It was requested that this article be renamed but there was no consensus for it be moved. -- Stefán Ingi 23:52, 17 November 2005 (UTC)[reply]

In that there was no consensus on the move and that there has been no significant activity for many months, I have removed the move request. -- zastard 13 June 2006

Discussion

This is a terrible and biased definition of new media. Could we rewrite this?

indeed

I suggest a new version where the focus is moved to New Media as a field of studies. Because this is exactly the context in which this term has relevance. --Olia lialina 19:45, 1 November 2005 (UTC)[reply]

true

i think new media has more relevance than just in the field of "new media studies". think new media art, creative industries, computer game theory, mass media, ...

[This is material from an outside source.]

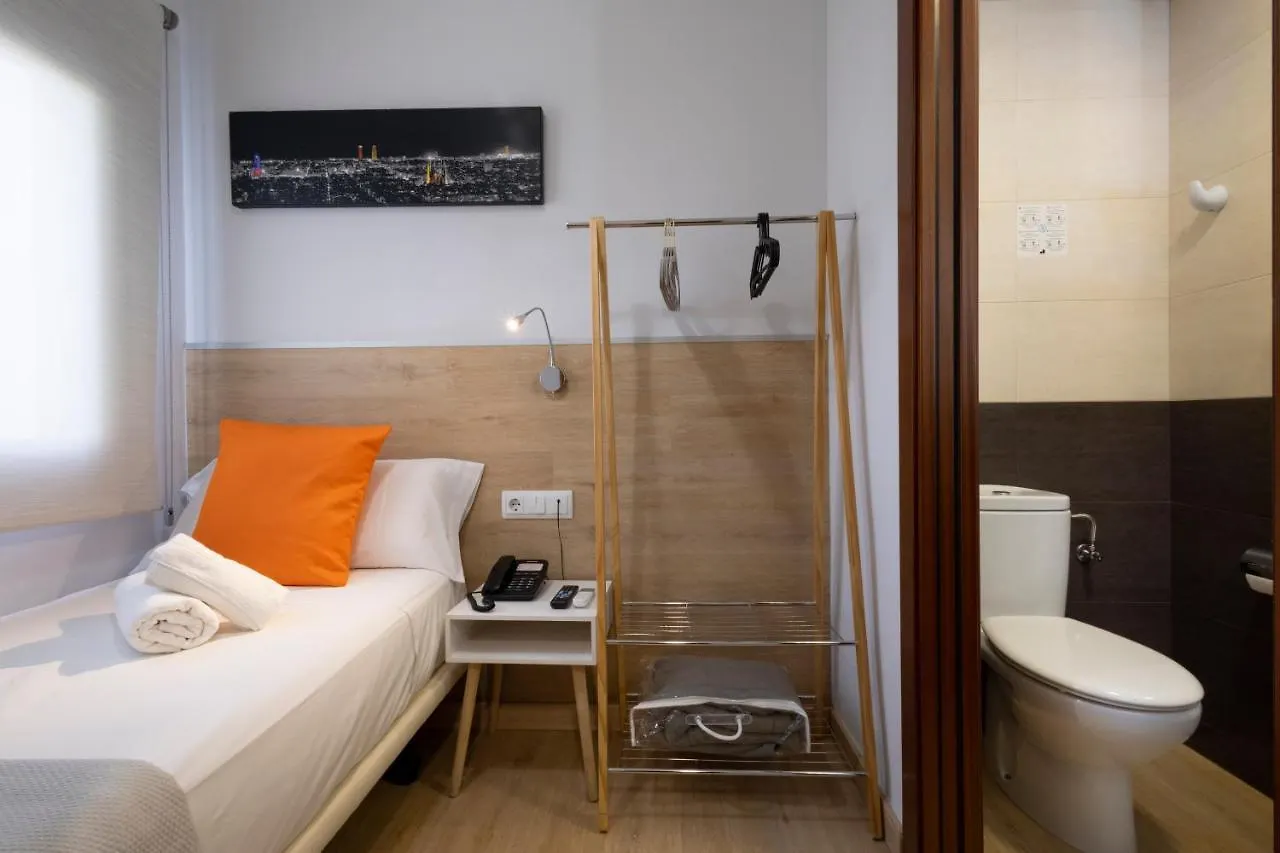 Hostal Sans Barcelona 2*,  Spanje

as a quick fix to this article (that should really be re-written) i added a lot of links to other wikipedia entries.

but

it seems to me that the term new media is not very useful, maybe more acccurate would be digital media or even as some have suggested post-media

proposal

I suggest that everything below the headline "besides" should be moved into the article "media studies".

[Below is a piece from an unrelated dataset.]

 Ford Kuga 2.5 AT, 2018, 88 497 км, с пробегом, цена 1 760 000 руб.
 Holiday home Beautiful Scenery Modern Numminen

Don't confuse the general "new" with the term "new media"

The term "new media" doesn't describe media that are currently regarded as new. This term was never used for film or radio. Logically it is impossible that the only new medium of a certain time (like film) would be called with the plural "new media".

"New Media" as a term appeared together with the widespread use of "multimedia" (bad term, but useful to explain) computer technology that created impressions of unified and new forms of known media. The plural is important here.

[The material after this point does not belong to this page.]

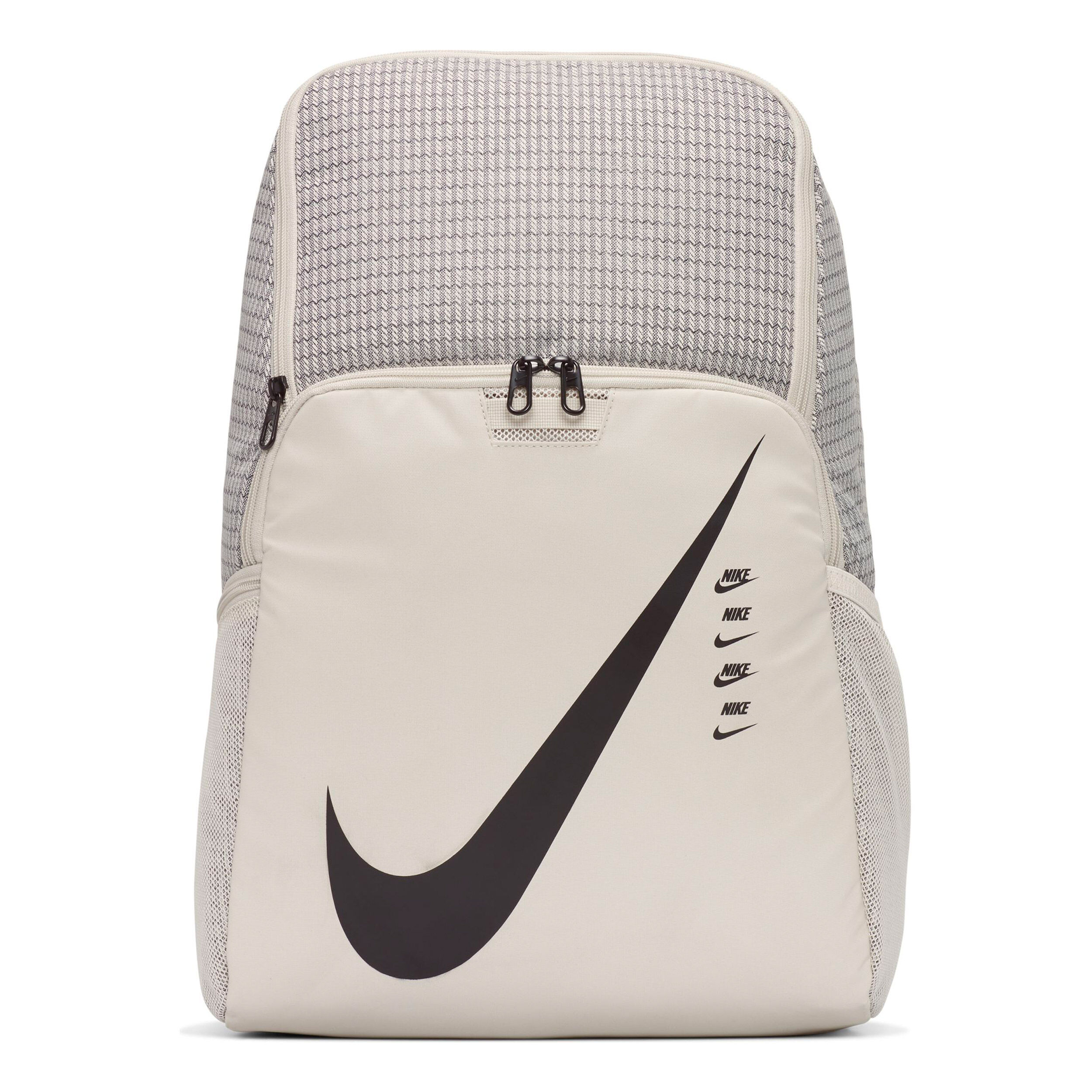 Buy Nike Brasilia 9.0 Backpack Cream Black online Tennis Point UK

To put "New Media Studies" into a side term is not useful, because "New Media" as a field of study is the only meaningful appearance of this term.

When it comes to artistic or design practices the terms like "digital culture", "mobile computing", "net art", "interface design" or even "information architecture" describe precisely the field of activity.

I would also kindly ask editors to get a login on Wikipedia so the discussions can be more fruitful.--Olia lialina 17:26, 3 November 2005 (UTC)[reply]

throwing my lot in

Olia writes: "The term 'new media' doesn't describe media that are currently regarded as new. This term was never used for film or radio."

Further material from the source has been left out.